When you get up to ten pretty significant lies about military service, you know more has to be there. And here it is:
On the floor of the House, in campaign commercials and during interviews, Mr. Kirk has invoked his experience in the classroom. At a speech this spring to the Illinois Education Association, Mr. Kirk declared, “as a former nursery school and middle school teacher, I know some of what it takes to bring order to class.”
A review of public comments that Mr. Kirk has made over the last decade shows that while he may refer to himself as a former teacher, he does not talk about the brevity of his experience: a year in London at a private school and part-time in a nursery school as part of a work-study program while he was a student at Cornell University.
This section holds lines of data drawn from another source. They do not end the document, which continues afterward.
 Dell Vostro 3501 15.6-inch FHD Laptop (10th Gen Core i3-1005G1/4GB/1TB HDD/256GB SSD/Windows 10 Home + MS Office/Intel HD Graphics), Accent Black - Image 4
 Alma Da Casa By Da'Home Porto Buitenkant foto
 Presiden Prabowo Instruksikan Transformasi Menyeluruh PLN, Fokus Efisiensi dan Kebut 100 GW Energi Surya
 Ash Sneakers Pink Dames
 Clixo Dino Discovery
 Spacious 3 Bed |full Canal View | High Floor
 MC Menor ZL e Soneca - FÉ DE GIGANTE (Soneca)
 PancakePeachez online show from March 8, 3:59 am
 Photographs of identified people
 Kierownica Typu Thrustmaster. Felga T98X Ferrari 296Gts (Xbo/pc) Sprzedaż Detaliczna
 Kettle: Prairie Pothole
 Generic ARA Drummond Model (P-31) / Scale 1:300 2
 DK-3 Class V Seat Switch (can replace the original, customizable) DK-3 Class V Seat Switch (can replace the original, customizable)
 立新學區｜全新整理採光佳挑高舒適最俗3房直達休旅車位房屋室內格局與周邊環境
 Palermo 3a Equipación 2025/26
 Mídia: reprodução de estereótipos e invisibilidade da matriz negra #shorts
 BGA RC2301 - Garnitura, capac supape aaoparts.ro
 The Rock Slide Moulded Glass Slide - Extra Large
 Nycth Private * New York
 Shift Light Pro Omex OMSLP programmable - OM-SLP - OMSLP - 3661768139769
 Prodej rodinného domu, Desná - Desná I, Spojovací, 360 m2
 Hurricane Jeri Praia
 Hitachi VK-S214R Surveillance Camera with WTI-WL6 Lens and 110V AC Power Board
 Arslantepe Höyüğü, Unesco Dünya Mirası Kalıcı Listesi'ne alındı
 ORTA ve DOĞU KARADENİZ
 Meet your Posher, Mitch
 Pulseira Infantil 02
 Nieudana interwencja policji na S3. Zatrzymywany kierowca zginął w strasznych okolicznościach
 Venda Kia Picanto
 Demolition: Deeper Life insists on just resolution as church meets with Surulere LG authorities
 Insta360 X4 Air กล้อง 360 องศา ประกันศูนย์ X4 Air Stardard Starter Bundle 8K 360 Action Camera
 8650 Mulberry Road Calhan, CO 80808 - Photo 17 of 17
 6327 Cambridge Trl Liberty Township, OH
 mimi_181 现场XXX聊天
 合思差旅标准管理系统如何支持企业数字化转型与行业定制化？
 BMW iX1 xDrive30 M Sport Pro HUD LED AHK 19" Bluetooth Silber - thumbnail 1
The campaign says he worked part time in the nursery at a United Methodist ministry called Forest Home Chapel in Ithaca, N.Y, but the Times was unable to get that "independently confirmed." He did teach for a year at Milestone College, a private prep school in London. Giving him the benefit of the doubt on the nursery school thing, a little over a year teaching does qualify him as a one-time educator. But working part-time in a church nursery school doesn't necessarily make him experienced on the American school system.
Which, of course, he is based on that experience.
In a House Budget Committee hearing five years earlier, shortly after Mr. Kirk arrived in Congress, he talked about his time as “a teacher, both nursery and middle school.” He added, “I did leave the teaching profession, but if we had addressed some of the teacher development issues, which I want to raise with you, I might have stayed.”
But here's the best one:
In a speech on the House floor on Sept. 19, 2006, as he talked about school safety, Mr. Kirk spoke about “the kids who were the brightest lights of our country’s future, and I also remember those who bore scrutiny as people who might bring a gun to class.”
Mr. Kirk declined an interview on Wednesday to talk about his time as a teacher. His spokeswoman said the congressman was referring to nursery school students in Ithaca, not his students in London, during that speech on the House floor in 2006.
Man, those Methodist pre-schoolers in Ithaca are bad ass!